While this is all happening, one might imagine the Romney-Ryan campaign hunkered down, carefully crafting a statement for Mitt Romney to deliver, something statesmanlike, something that would reveal Romney’s superior intellect and character without smacking of politicking in the throes of an international crisis, an eloquent statement that would demonstrate:
1. his keen understanding of foreign policy
2. his profound sympathy for the U.S. citizens lost and their loved ones
3. his righteous condemnation of the attacks on U.S. missions abroad, and
4. his support for the U.S. and its commander-in-chief in a time of deadly conflict.
And what, you might ask, did Romney and cohorts eventually come up with?
They wrote a statement that referred to the U.S. embassy’s “first response” as an apology from the Obama administration to the protesters, an apology that Romney implied was delivered after the breach of the embassy in Cairo and after the deadly Benghazi consulate attack. Romney’s statement conflated the sequence of events with incomplete early reports and his campaign’s inaccurate representation of the embassy’s message:
I’m outraged by the attacks on American diplomatic missions in Libya and Egypt and by the death of an American consulate worker in Benghazi.
It’s disgraceful that the Obama Administration’s first response was not to condemn attacks on our diplomatic missions, but to sympathize with those who waged the attacks.

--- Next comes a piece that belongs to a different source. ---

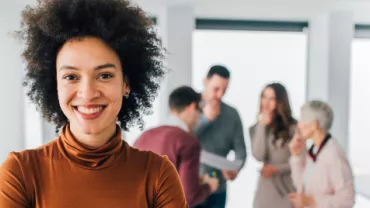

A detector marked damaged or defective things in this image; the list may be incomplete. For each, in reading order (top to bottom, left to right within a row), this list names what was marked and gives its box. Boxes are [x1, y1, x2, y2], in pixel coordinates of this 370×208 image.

Indeed, Romney’s statement was not accurate, it was not statesmanlike, it was not anything that it could and should have been:
On point 1, to demonstrate understanding of foreign policy, Romney was mute.

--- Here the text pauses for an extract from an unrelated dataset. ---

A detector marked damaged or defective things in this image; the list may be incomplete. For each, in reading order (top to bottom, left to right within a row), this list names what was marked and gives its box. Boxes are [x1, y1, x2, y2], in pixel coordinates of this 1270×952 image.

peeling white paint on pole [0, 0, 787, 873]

On point 2, to express sympathy for those lost, Romney failed miserably, supplanting sympathy with an “I” statement about his outrage, because, apparently, what had happened in Egypt and to the four Americans in Libya was all about Romney and how he felt.
On point 3, again, Romney was all about Romney: In his eagerness to release a statement, theoretically about the attacks, he forgot to condemn them.
And on point 4, well, believe it or not, instead of declaring unity with President Obama, the commander-in-chief of his nation under attack, Romney got it bass ackwards and attacked the president, his political opponent.
In some circumstances, Romney’s statement might be considered at best political mismanagement and at worst treasonous.
In other circumstances, well, consider the adage that one should not attribute to malice what can be explained by stupidity. In Romney’s case, it might be a mix of stupidity and incompetence — but surely there’s a hint of someone’s having passed a bottle of malice over the cocktail shaker.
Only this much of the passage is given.